# DIRECTIONS FOR THIS TASK
The material below includes pictures; leave them out and return only the lines between the line containing "Screenshot of On Dark Terms" and the line containing "Apartmán Lucky Golfo Aranci", inclusive, word for word.

# GIVEN ENTRIES
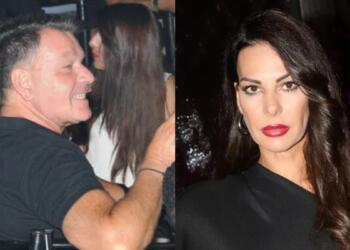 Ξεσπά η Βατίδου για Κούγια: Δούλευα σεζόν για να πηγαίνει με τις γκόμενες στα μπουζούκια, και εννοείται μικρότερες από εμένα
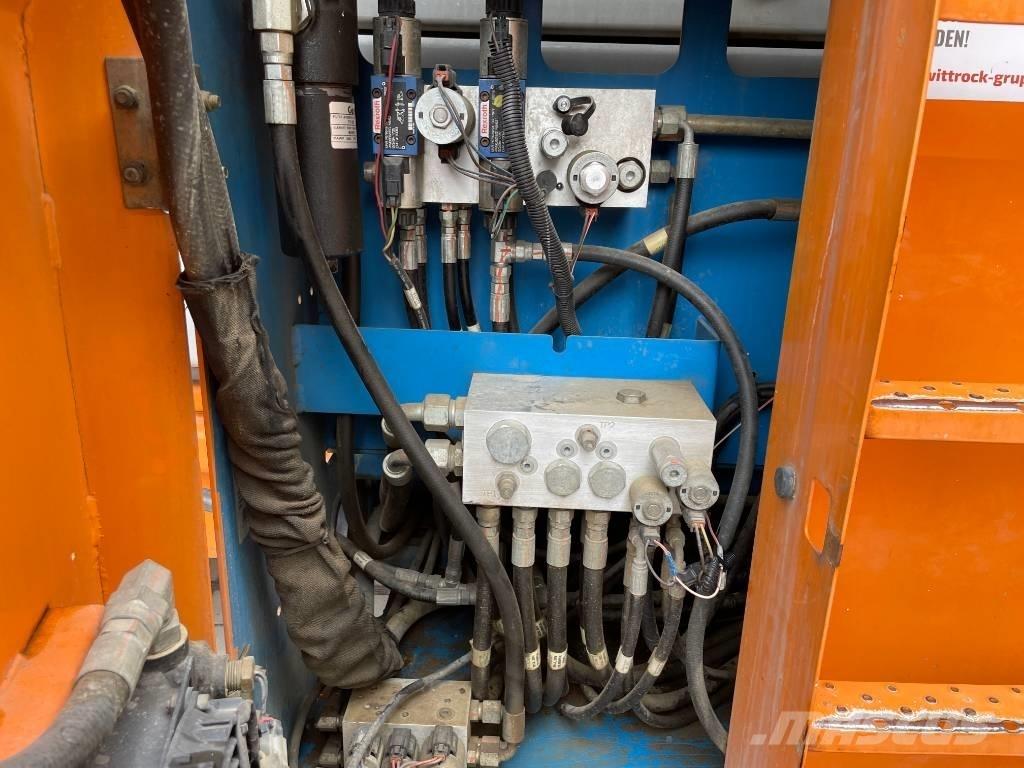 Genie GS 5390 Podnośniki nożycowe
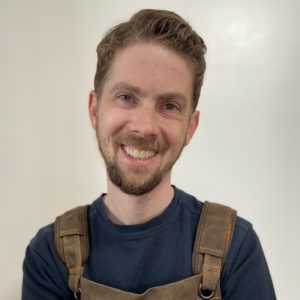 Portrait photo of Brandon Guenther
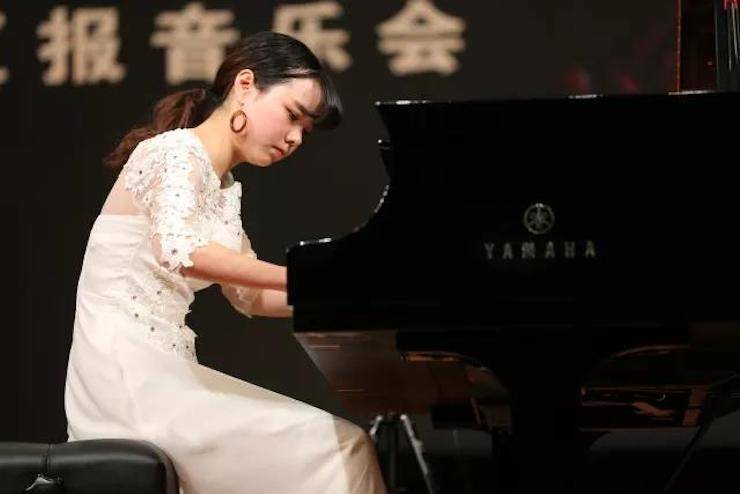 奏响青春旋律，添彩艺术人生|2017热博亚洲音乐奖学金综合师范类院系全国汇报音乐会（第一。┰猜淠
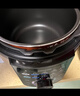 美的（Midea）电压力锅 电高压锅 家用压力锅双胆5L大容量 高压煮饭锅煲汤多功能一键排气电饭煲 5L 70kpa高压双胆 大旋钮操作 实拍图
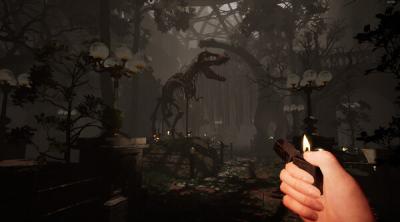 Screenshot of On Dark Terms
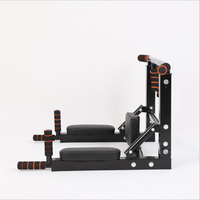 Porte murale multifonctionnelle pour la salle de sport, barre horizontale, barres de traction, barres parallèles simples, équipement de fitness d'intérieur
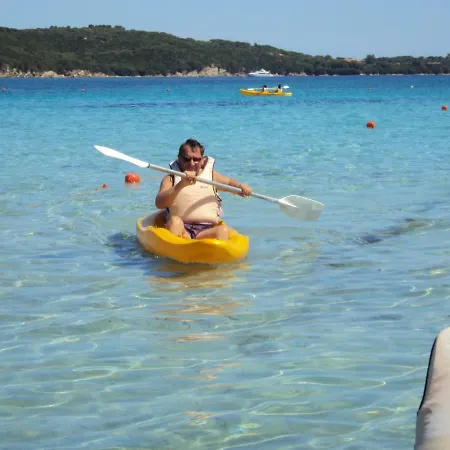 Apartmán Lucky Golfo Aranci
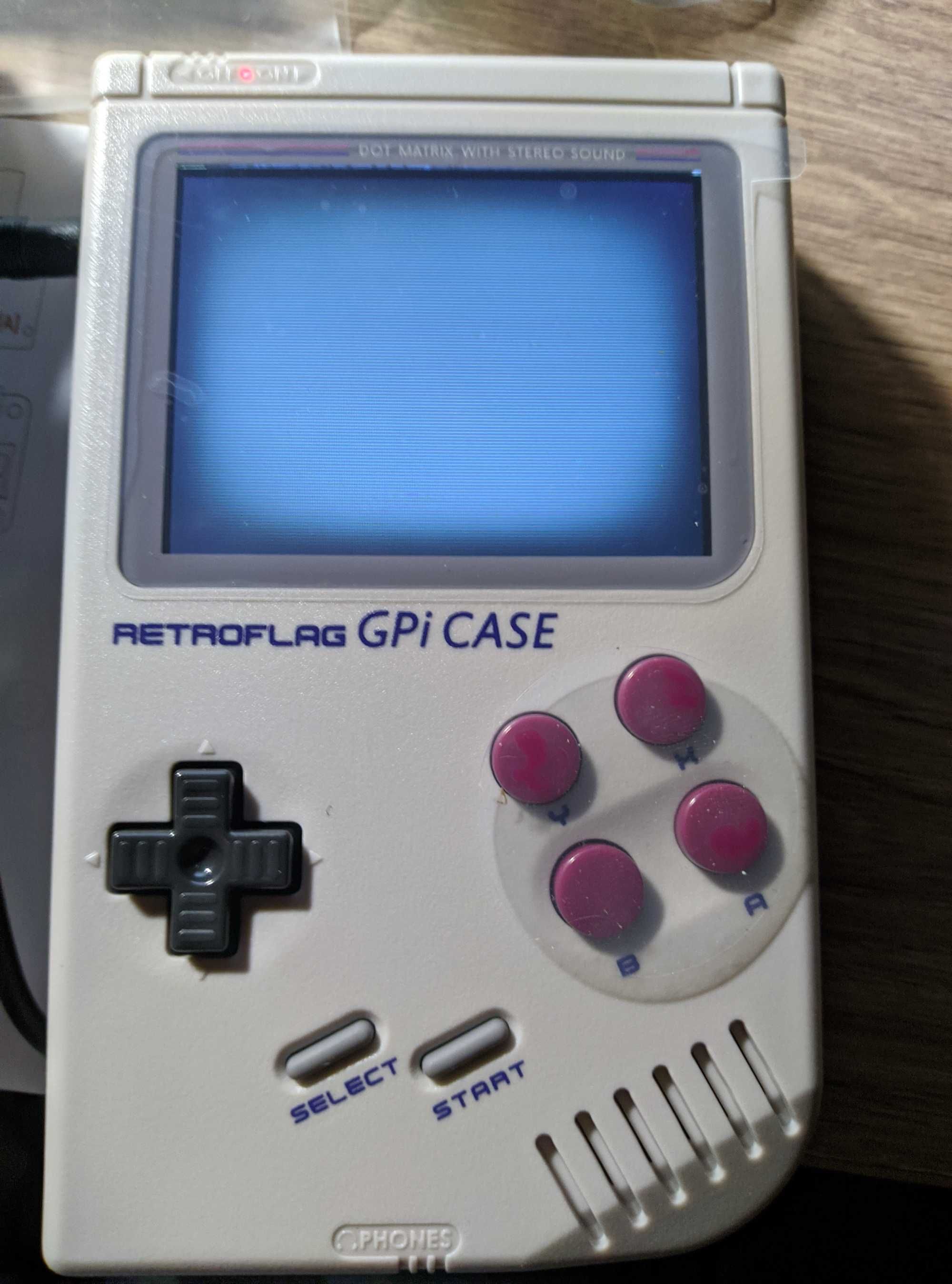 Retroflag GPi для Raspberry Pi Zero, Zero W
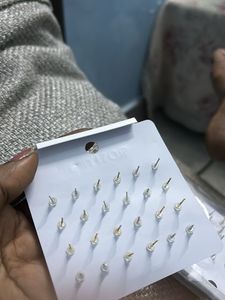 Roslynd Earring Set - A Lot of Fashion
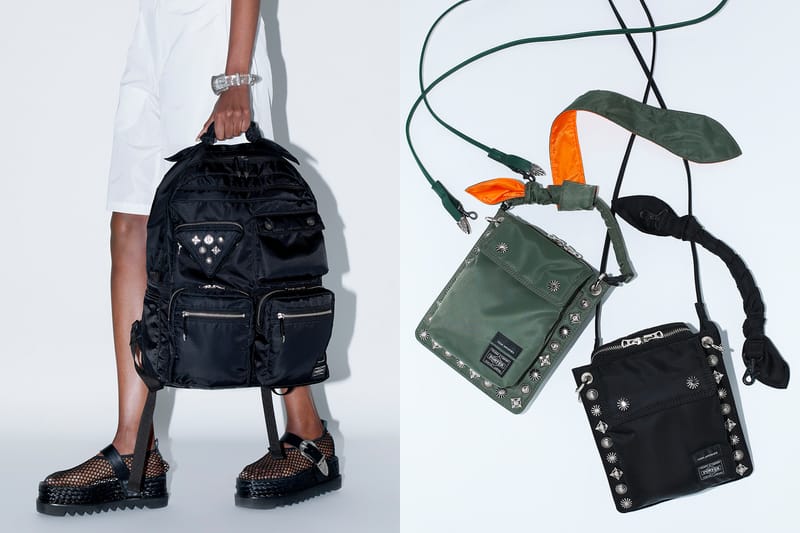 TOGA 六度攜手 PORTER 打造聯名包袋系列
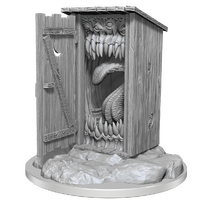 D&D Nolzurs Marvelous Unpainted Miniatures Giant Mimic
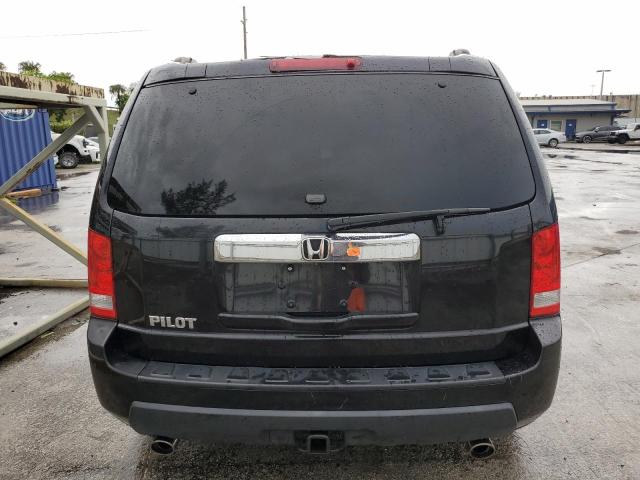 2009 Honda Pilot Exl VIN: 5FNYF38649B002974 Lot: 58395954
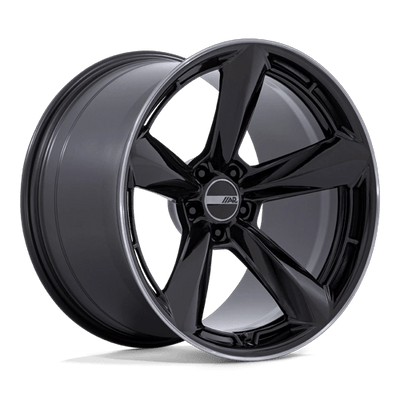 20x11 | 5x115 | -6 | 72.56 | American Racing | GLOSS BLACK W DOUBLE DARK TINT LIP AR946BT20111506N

==

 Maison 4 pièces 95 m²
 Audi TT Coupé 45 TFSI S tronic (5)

# ANSWER BOX
 Screenshot of On Dark Terms
 Porte murale multifonctionnelle pour la salle de sport, barre horizontale, barres de traction, barres parallèles simples, équipement de fitness d'intérieur
 Apartmán Lucky Golfo Aranci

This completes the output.